The RB table will work just the same as the above QB table; high “Difference” numbers mean an offense has a favorable matchup, the lower the number, the least favorable.

Browns @ Jaguars

The Cleveland Browns would prefer to move the ball on the ground and they will have a prime opportunity to do pretty much whatever they want against a Jacksonville team that ranks in the bottom-ten of aFPA to quarterbacks (28th), running backs (26th), wide receivers (25th), and tight ends (26th). Cleveland will be without stud edge rusher Myles Garrett, but they are still 6.5-point favorites against Jake Luton or Gardner Minshew (or Mike Glennon, apparently). Both Kareem Hunt and Nick Chubb are confident starts behind a Browns offensive line that ranks fifth in Adjusted Line Yards.

Saints @ Broncos

The New Orleans offense ran surprisingly smooth under quarterback Taysom Hill and likely quelled some trepidation about what it would mean to Michael Thomas, Alvin Kamara, and the tertiary pieces.
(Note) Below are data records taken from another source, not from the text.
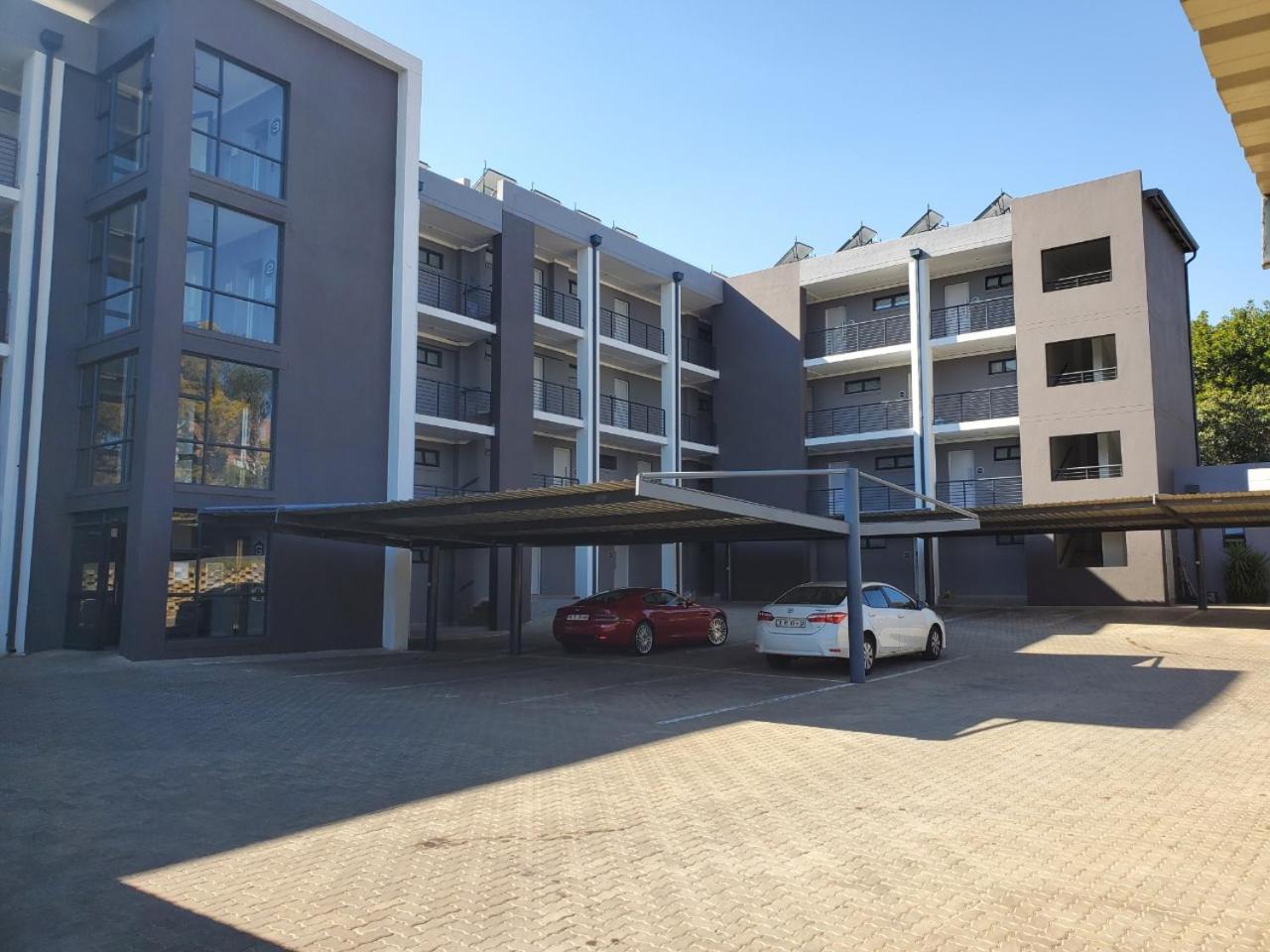 Фото Odyssey Luxury Apartments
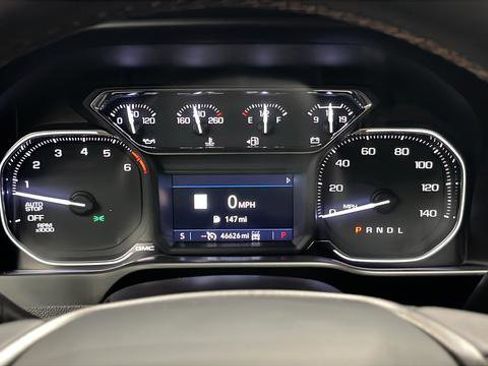 Used 2020 GMC Sierra 1500 AT4 w/ AT4 Premium Package image 16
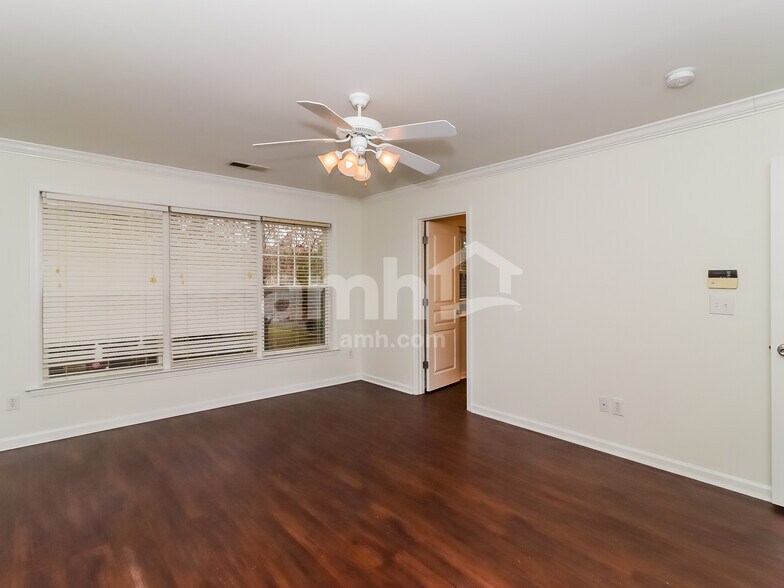 Building Photo - 11728 Rainy Bend Dr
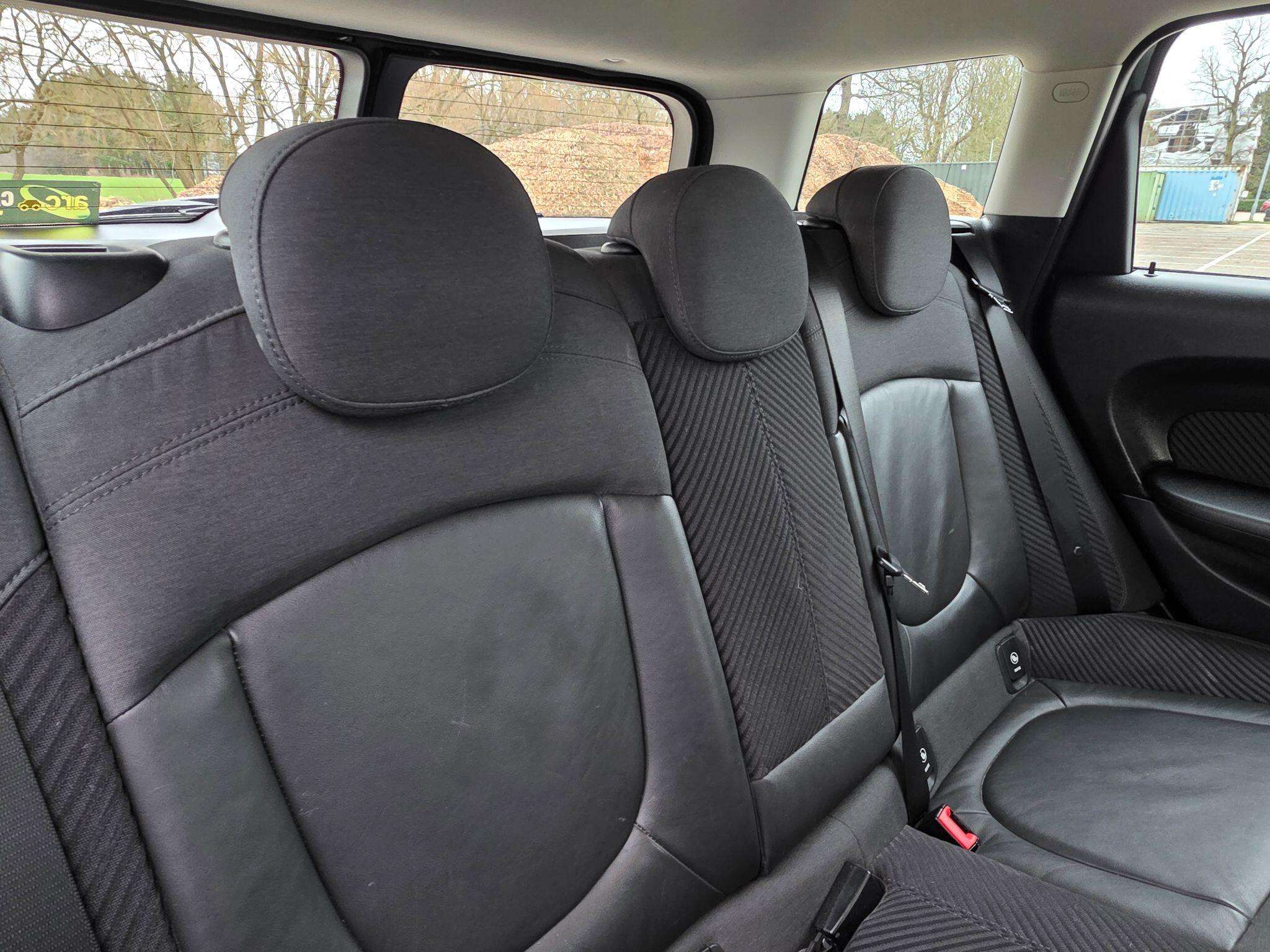 2017 MINI CLUBMAN 2017 MINI CLUBMAN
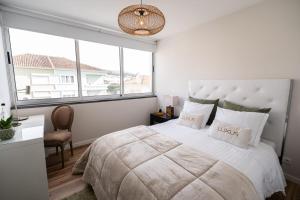 英雄港的住宿－Luxus Charming Apt，白色的卧室设有一张大床和一个窗户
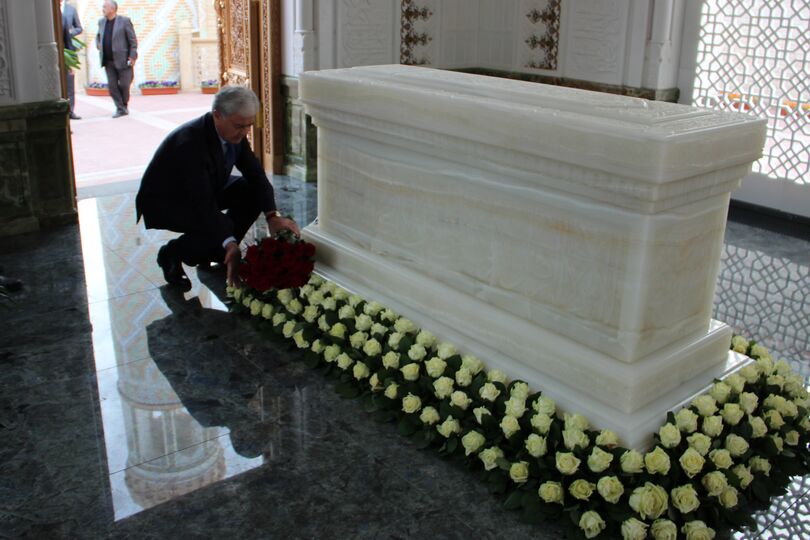 Р.Алимов возложил цветы к мемориальному комплексу первого Президента Республики Узбекистан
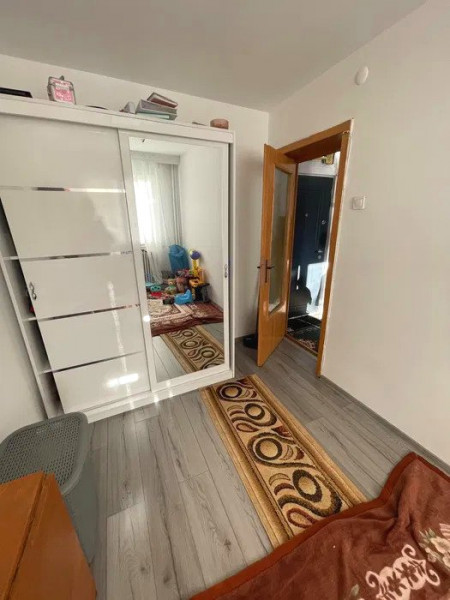 Apartament 3 camere - etaj 1 - Podu Roș 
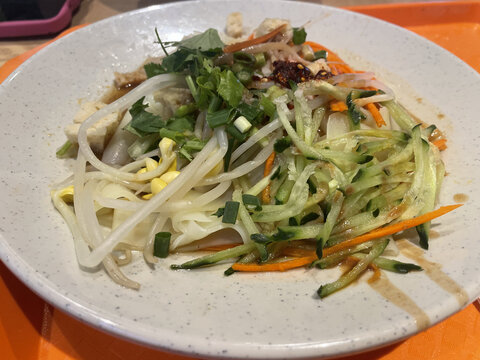 凉拌黄瓜丝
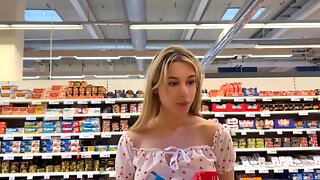 Большие Сиськи, На Природе, Публичное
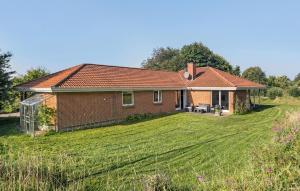 Stunning Home In Bjert With Wifi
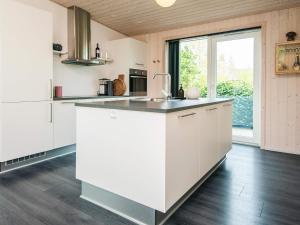 Gallery image of 4 star holiday home in Glesborg in Fjellerup Strand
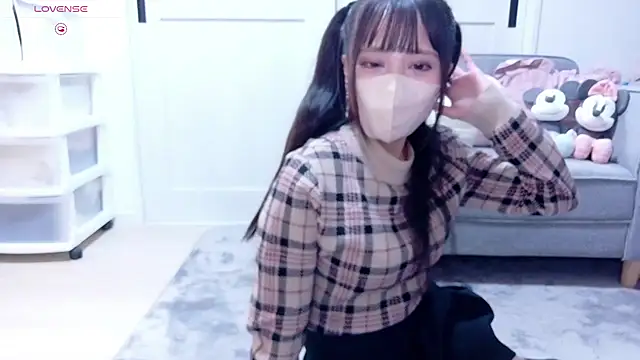 YURi luv online show from November 5, 11:26 am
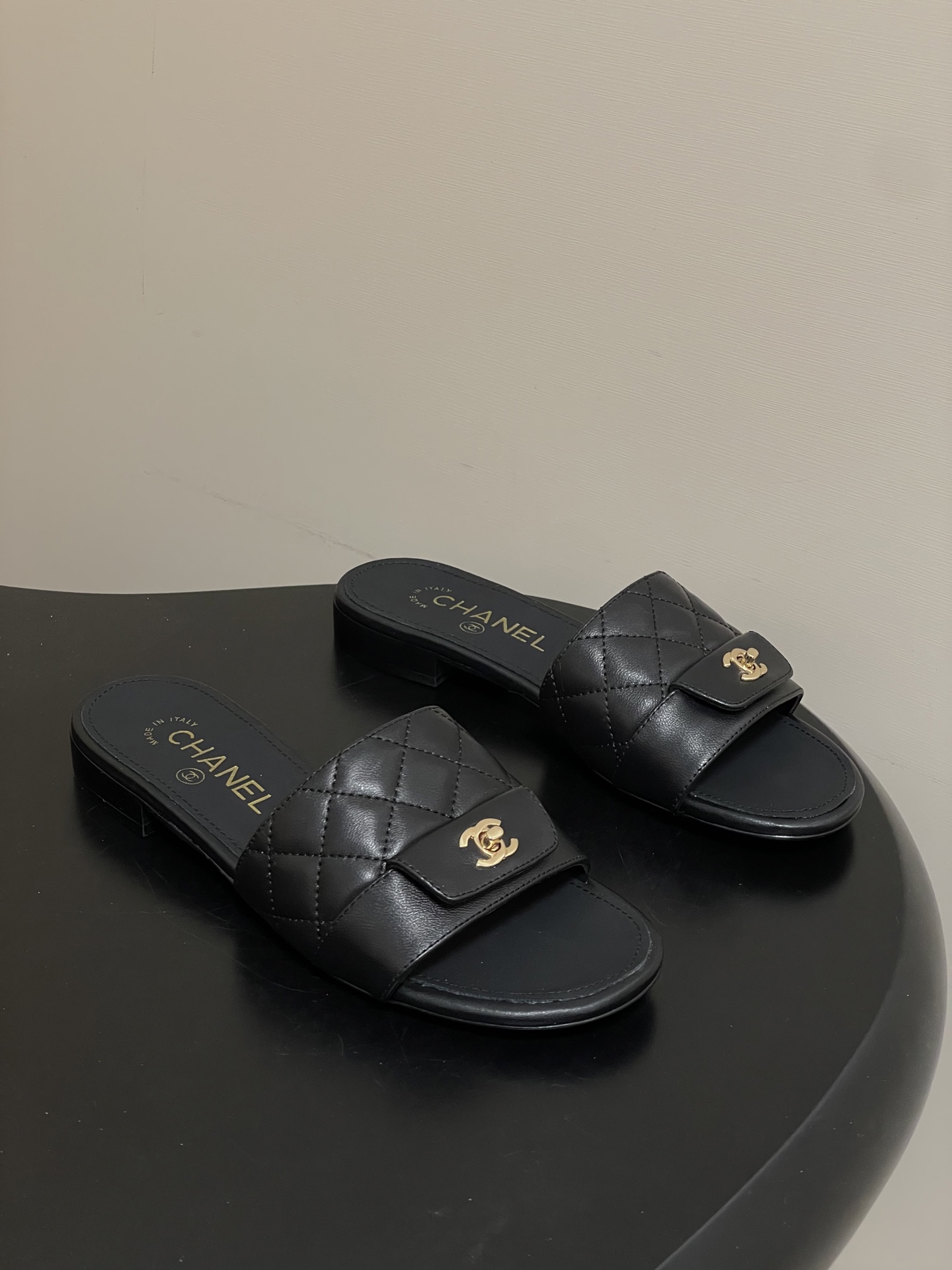 샤넬(Chanel) 퀼팅 더블C 백 클립 플랫 슬리퍼 샌들 신발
One of those tertiary pieces is Latavius Murray, who boasted double-digit carries for the sixth time this year, and I believe he has the steam to continue a string of games that has seen him average 12 touches and 61 total yards over the last three games. The common thread of these last three weeks; the Saints have won big and led for most of the game. Sitting at 5.5-point favorites against Denver this week, that sort of game script should continue.

Working behind my number one ranked offensive line, Murray could produce usable Flex numbers for RB-deprived teams.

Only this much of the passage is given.